What to produce — Apart from the pictures, every entry should be reproduced exactly.

(Study material)

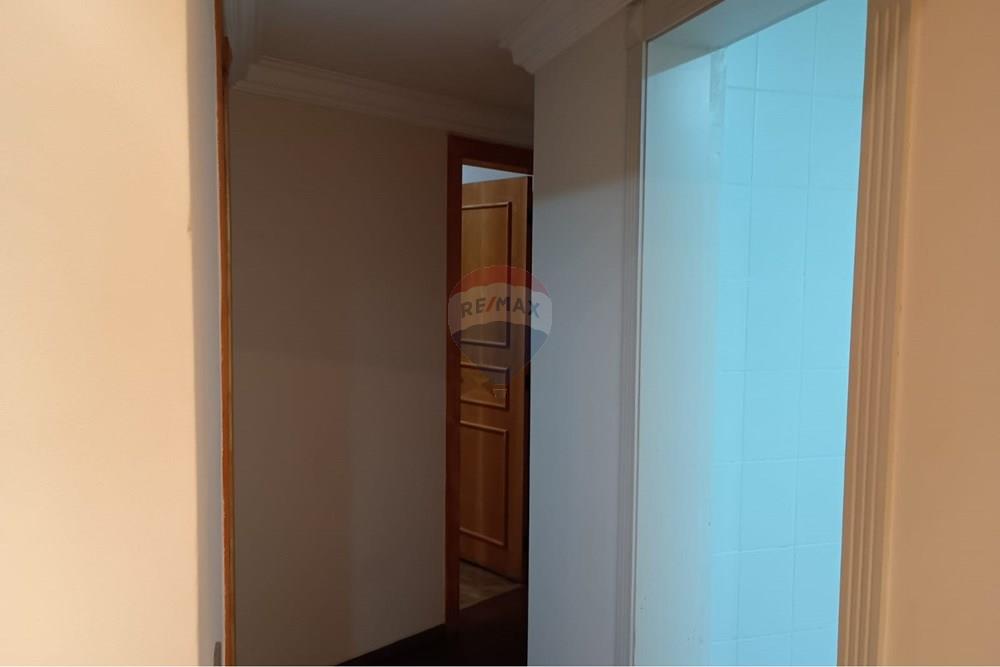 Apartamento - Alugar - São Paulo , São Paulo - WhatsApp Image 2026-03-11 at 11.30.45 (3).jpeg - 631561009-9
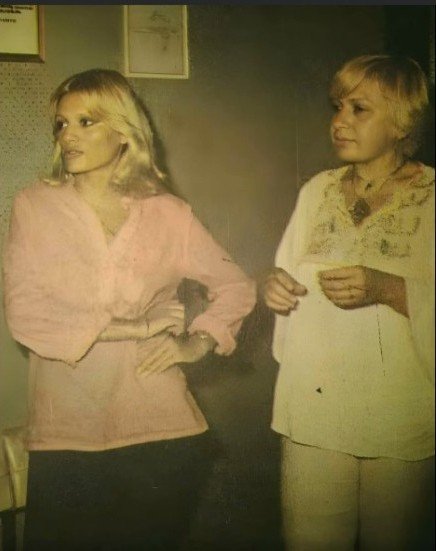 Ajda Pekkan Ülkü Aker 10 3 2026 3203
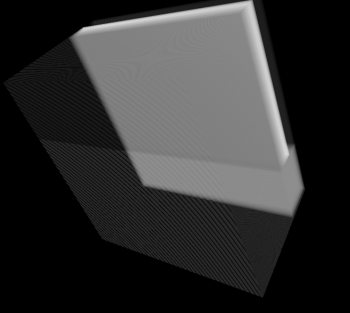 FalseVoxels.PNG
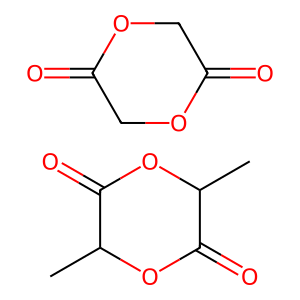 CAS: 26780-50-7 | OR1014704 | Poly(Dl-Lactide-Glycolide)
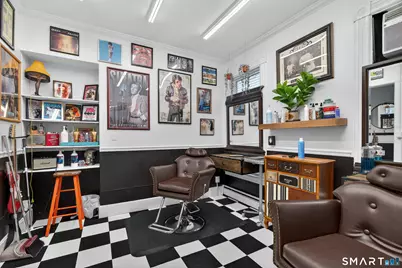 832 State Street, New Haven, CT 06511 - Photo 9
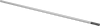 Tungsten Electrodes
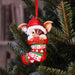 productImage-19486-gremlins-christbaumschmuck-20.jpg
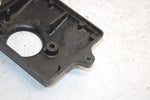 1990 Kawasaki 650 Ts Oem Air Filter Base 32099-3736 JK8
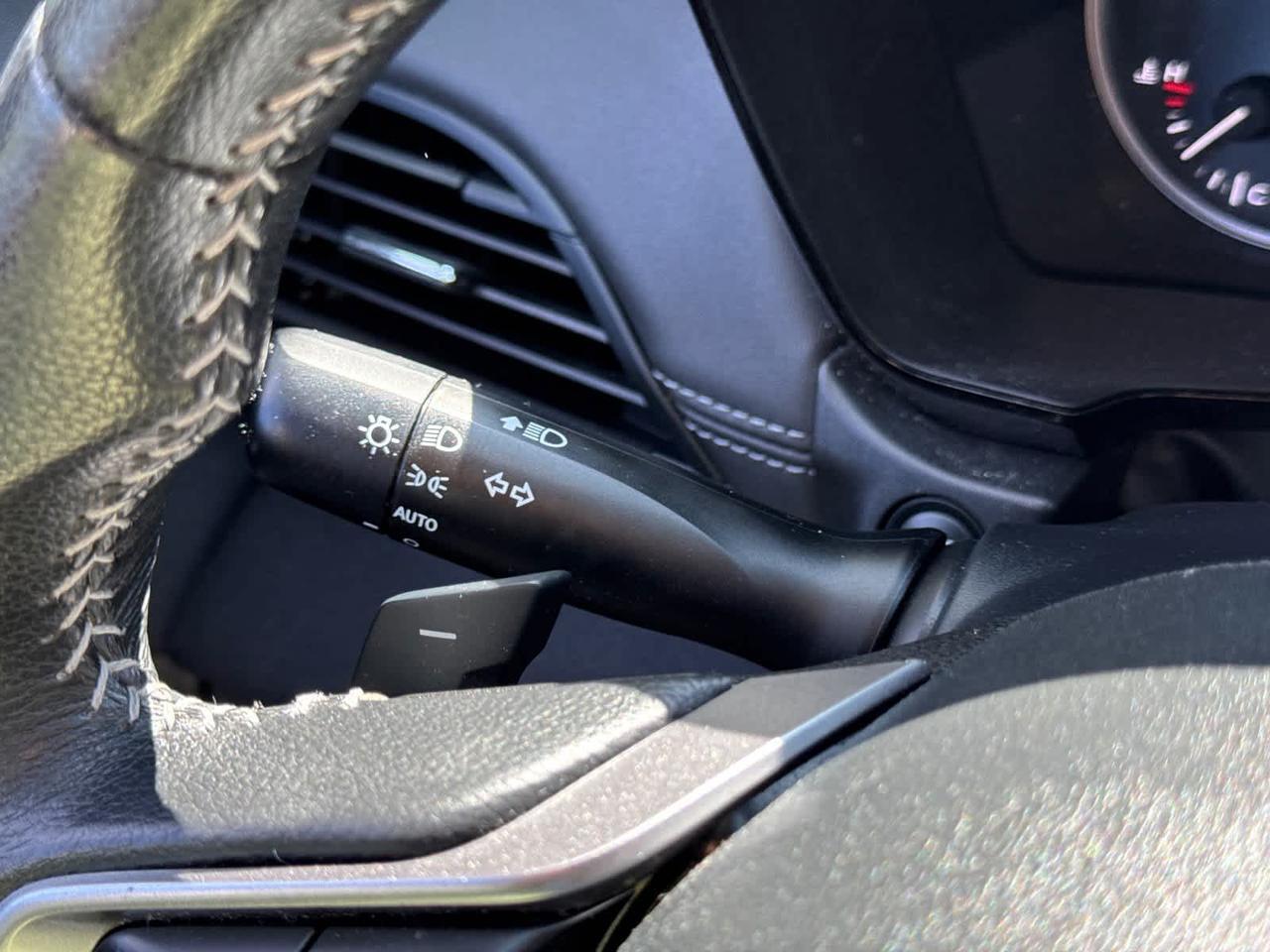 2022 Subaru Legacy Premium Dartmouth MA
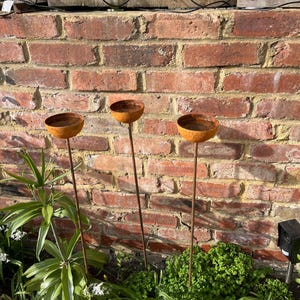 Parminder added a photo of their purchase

(End Study material)

Output for this exercise —
 Apartamento - Alugar - São Paulo , São Paulo - WhatsApp Image 2026-03-11 at 11.30.45 (3).jpeg - 631561009-9
 Ajda Pekkan Ülkü Aker 10 3 2026 3203
 FalseVoxels.PNG
 CAS: 26780-50-7 | OR1014704 | Poly(Dl-Lactide-Glycolide)
 832 State Street, New Haven, CT 06511 - Photo 9
 Tungsten Electrodes
 productImage-19486-gremlins-christbaumschmuck-20.jpg
 1990 Kawasaki 650 Ts Oem Air Filter Base 32099-3736 JK8
 2022 Subaru Legacy Premium Dartmouth MA
 Parminder added a photo of their purchase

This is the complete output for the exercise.